* Task brief *
The response must be the exact lines from the one that contains "Image of Aerial Work Platform Boom" through the end of the material, with no pictures and no additional lines.

* Recorded data *
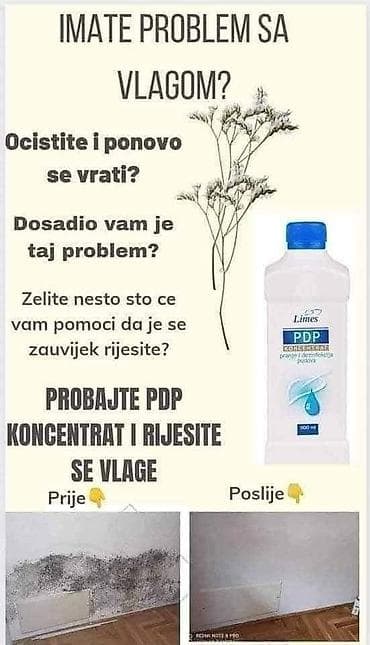 🌿 PDP koncentrat – efikasno protiv buđi! 🌿 Za zdrav i čist dom bez na lalafo.rs — 1 🌿 PDP koncentrat – efikasno protiv buđi! 🌿 Za zdrav i čist dom bez — 1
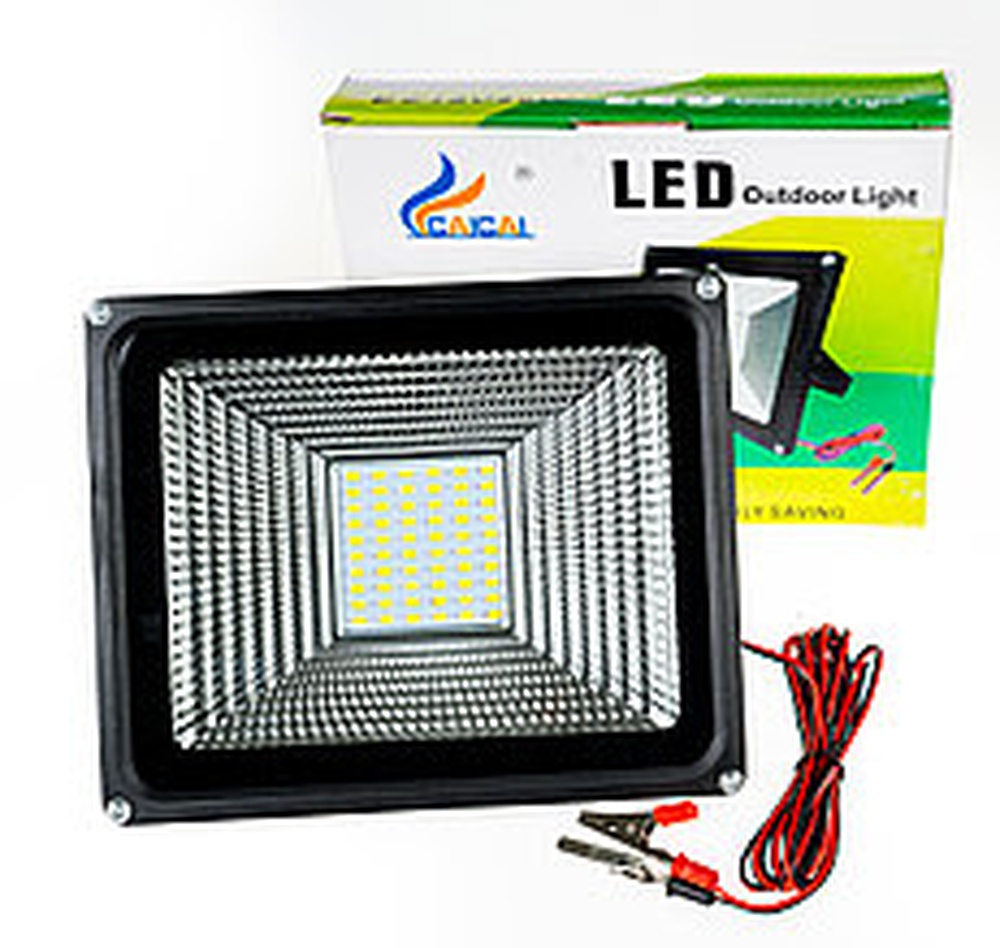 Прожектор Led 12B 20W 6500К 5730 17,3*13,7*4,8см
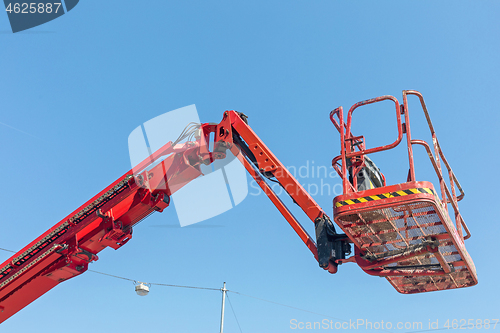 Image of Aerial Work Platform Boom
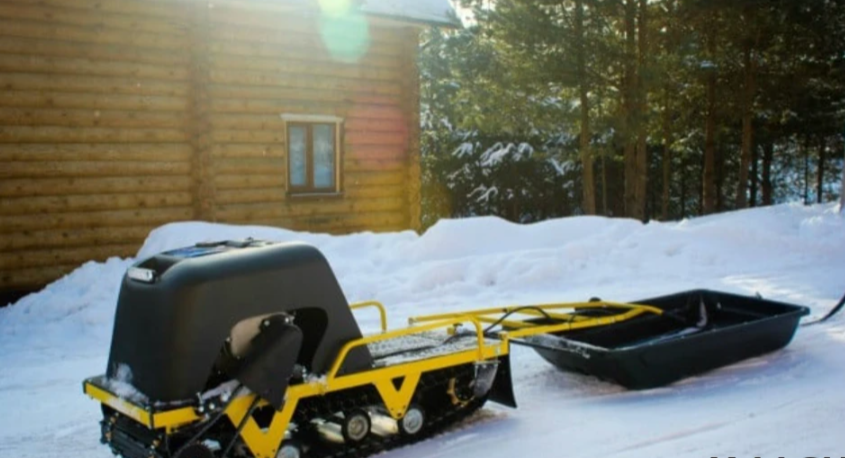 Мотобуксировщик LEBEDEV MOTORS РЕКС LV513 в Первоуральске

* Answer *
 Image of Aerial Work Platform Boom
 Мотобуксировщик LEBEDEV MOTORS РЕКС LV513 в Первоуральске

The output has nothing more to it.